== TASK PROMPT ==
Although the records contain pictures, none belong in the copy: restate word for word only the lines from the one with "this 845×633 image." through the one with "this 390×260 image.", both included.

== GIVEN RECORDS ==
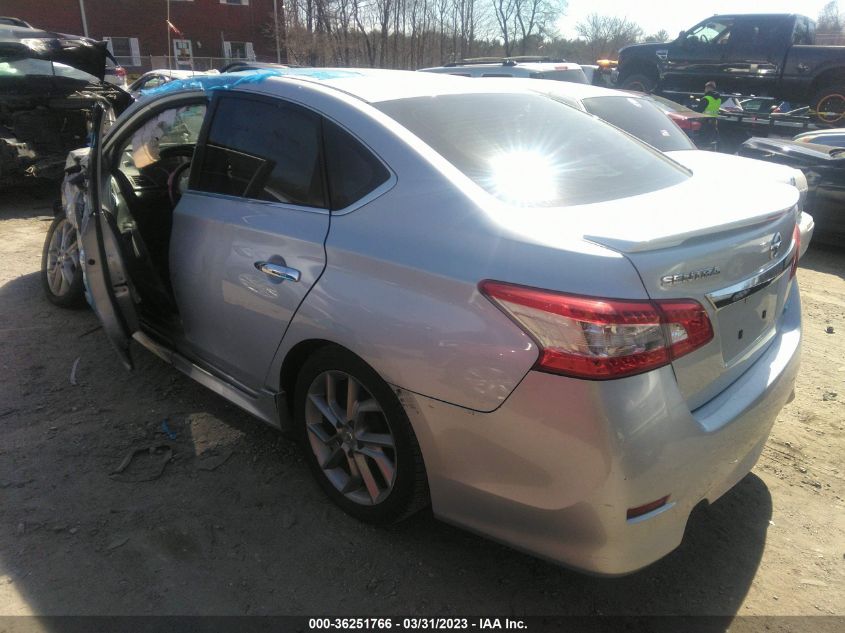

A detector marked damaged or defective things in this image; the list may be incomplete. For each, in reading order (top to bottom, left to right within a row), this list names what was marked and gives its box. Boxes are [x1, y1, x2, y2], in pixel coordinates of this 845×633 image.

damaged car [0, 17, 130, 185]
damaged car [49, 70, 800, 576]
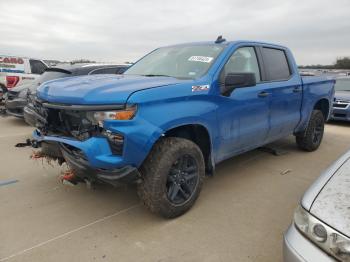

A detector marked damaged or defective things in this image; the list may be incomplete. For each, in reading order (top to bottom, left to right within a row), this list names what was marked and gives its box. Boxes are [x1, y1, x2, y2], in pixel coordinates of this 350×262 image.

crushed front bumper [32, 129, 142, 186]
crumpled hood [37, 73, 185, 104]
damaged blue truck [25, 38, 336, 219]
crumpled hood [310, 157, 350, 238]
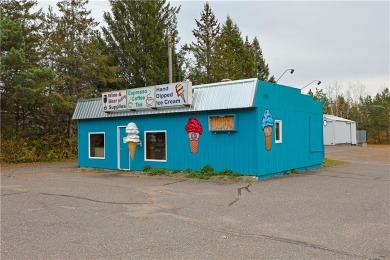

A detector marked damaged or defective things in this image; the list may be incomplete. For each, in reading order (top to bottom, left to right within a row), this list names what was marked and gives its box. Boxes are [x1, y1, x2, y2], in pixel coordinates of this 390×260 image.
* * *
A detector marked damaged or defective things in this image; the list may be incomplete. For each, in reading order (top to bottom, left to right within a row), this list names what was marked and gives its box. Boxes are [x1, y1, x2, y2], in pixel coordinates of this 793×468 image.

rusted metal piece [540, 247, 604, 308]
==
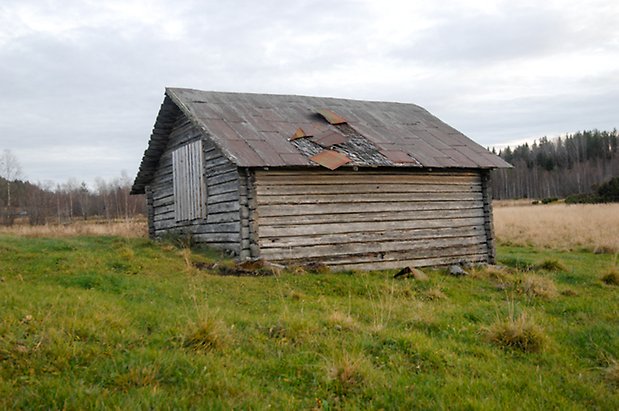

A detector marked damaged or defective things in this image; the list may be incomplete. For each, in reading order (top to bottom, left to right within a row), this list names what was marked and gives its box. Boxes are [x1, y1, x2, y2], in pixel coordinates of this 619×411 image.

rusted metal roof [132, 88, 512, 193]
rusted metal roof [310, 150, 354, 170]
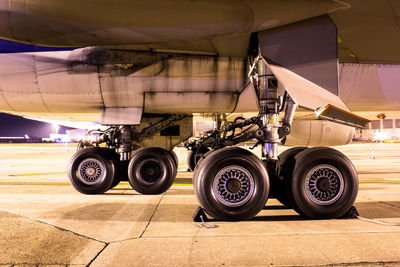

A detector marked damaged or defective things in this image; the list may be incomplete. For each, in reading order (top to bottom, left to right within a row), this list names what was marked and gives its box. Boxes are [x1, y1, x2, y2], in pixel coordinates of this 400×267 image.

== WRITTEN ANSWER ==
A detector marked damaged or defective things in this image; the list may be incomplete. For each, in reading order (top to bottom, left to right within a row), this list names what was marked and gives its box. Boxes are [x1, y1, x2, y2], in pixel coordinates of this 845×633 image.

damaged car [0, 17, 130, 185]
damaged car [49, 70, 800, 576]

A detector marked damaged or defective things in this image; the list may be incomplete. For each, in reading order (top to bottom, left to right within a row), this list names what was marked and gives its box. Boxes are [x1, y1, x2, y2], in pixel coordinates of this 350×262 image.

crushed front bumper [32, 129, 142, 186]
crumpled hood [37, 73, 185, 104]
damaged blue truck [25, 38, 336, 219]
crumpled hood [310, 157, 350, 238]

A detector marked damaged or defective things in this image; the list may be incomplete. For each, in reading order (top to bottom, left to right within a row), this list names what was marked and gives its box. Boxes are [x1, y1, x2, y2], in pixel coordinates of this 390×260 image.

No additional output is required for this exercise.